=== WHAT YOU SHOULD DO ===
Could you retype exactly the line containing "They were sitting" and every line after it in the data below, leaving out the pictures?

─── RECORDS PROVIDED

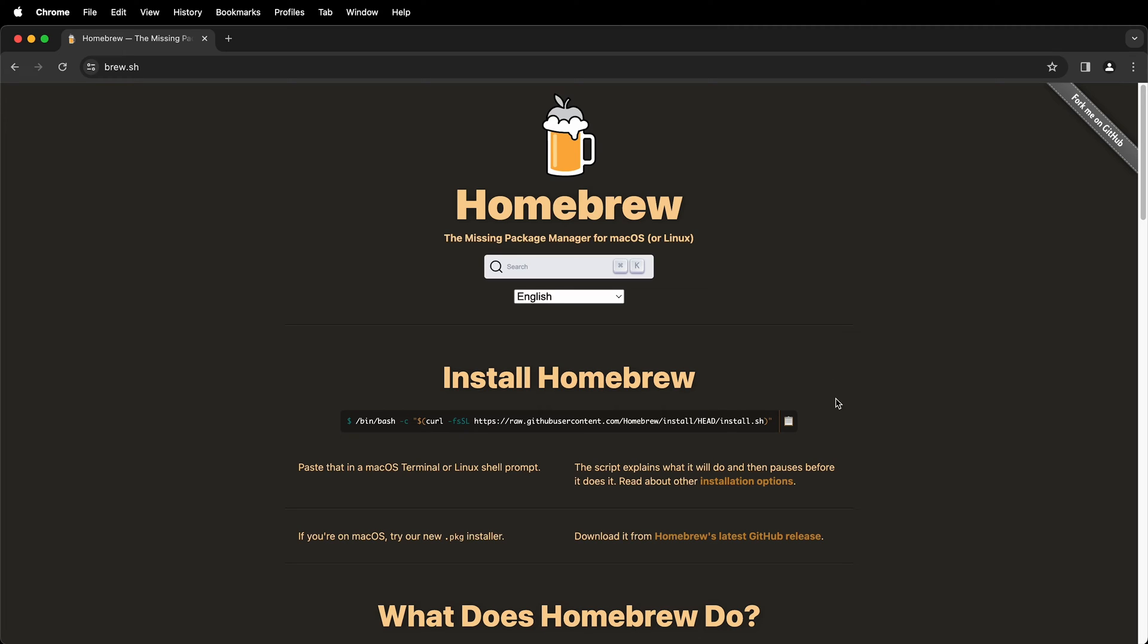In this Programming for Artist tutorial I'm going to show you how to install Homebrew. Homebrew is a package manager for Mac OS or Linux. There are also package managers for Windows which I'll cover in a separate video.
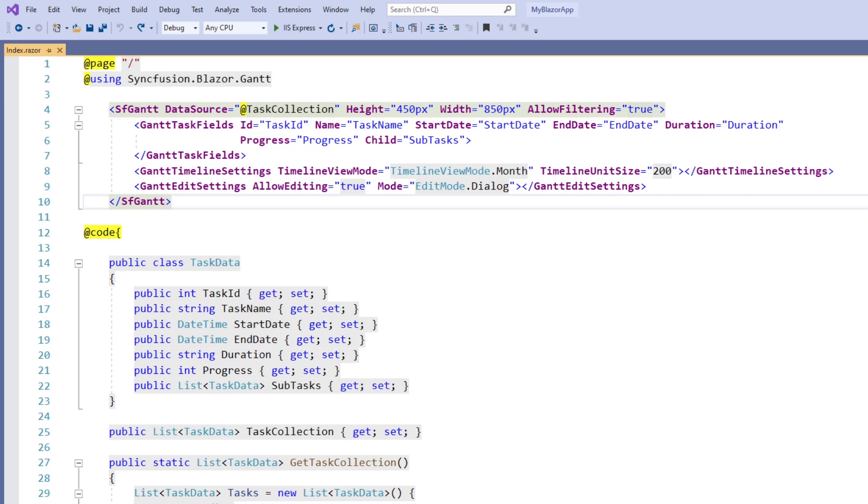In the getting started tutorial, we saw how to bind hierarchical local list data to the Gantt chart. Now I will show you how to bind self-referential data, that is flat data, to the Gantt chart.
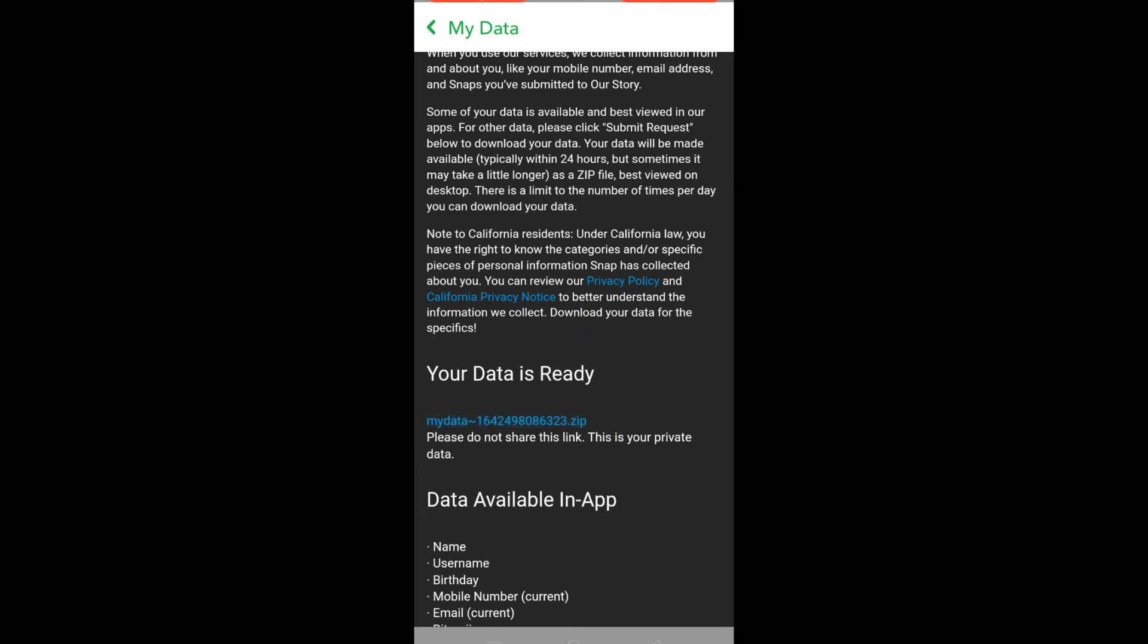Then you can unzip this file using any software on your smartphone. Just in case if you don't have any software on your phone, you can also download this file on your PC and unzip it there. Once you do that, your Snapchat memories, pictures, videos, and chats will be recovered.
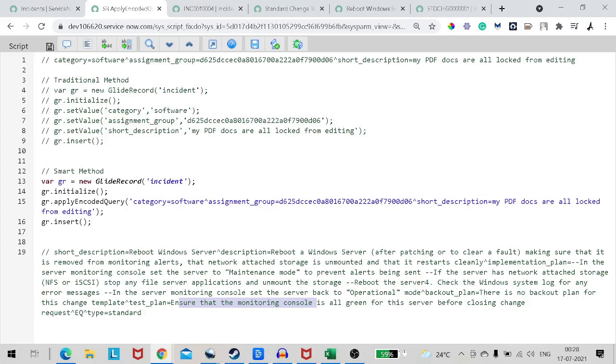So I think it's pretty clear now what exactly the apply encoded query does and how you can use it in day to day activity. Hope you like this video. Please like, follow, subscribe and please drop comments because based on your comments only I am creating new videos. Till then, stay safe, stay happy and have a nice day. Thank you.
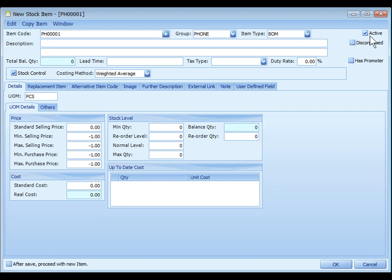Active means this item is active and still in transaction. Discontinue means no more new purchases of this item.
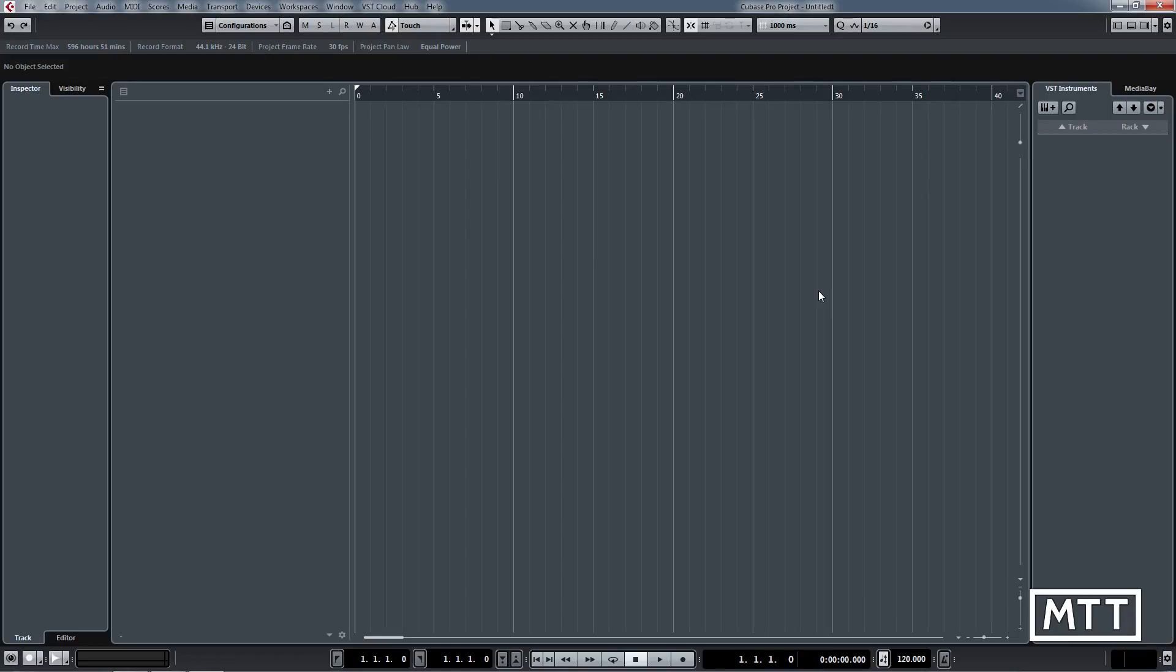Hi and welcome to this video where we're going to take a quick look at using templates. Templates are really useful because they save you having to repeat the same operations over and over again. Quite often you'll find you use a similar kind of tracks, similar balance of instruments and effects, and you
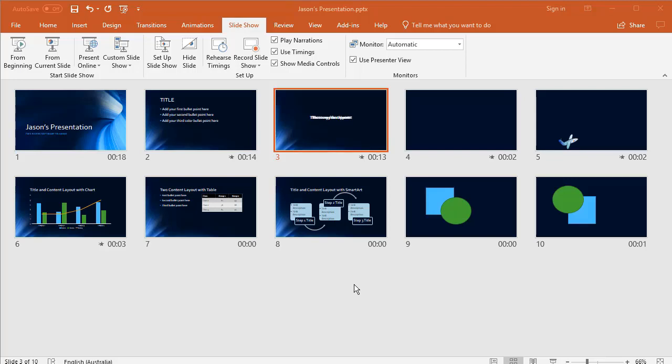In this video, I'm going to show you the tools you have available and the options you have while you're running a presentation live.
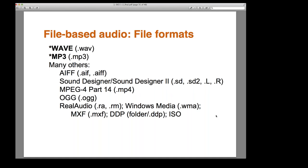Eve asks: Sound Designer is from the Mac world? Yes, originally Pro Tools was a Mac-only system. That's why the files can have extensions like .L and .R — because the Mac operating system creates extra metadata that the operating system itself uses.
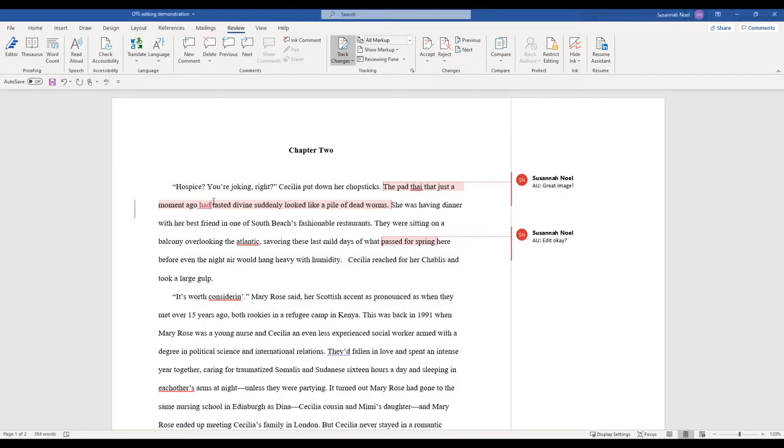They were sitting on a balcony overlooking the Atlantic. Now that's an ocean and it needs to be capitalized. So let's get in there.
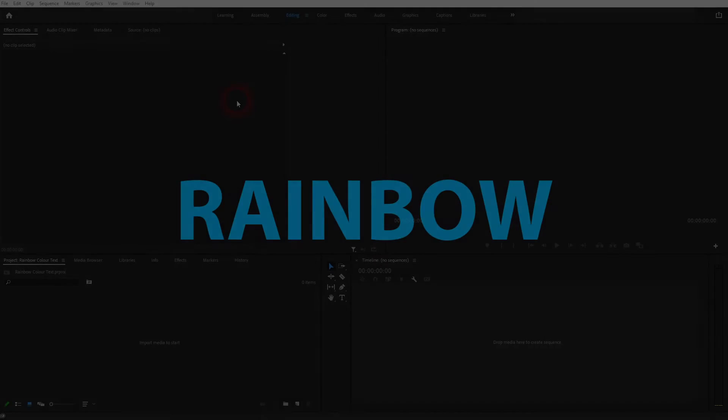And we're back to learning Premiere Pro and this time I'm going to show you a simple rainbow color text animation.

──────

=== RESPONSE TO THE TASK ===
They were sitting on a balcony overlooking the Atlantic. Now that's an ocean and it needs to be capitalized. So let's get in there.
And we're back to learning Premiere Pro and this time I'm going to show you a simple rainbow color text animation.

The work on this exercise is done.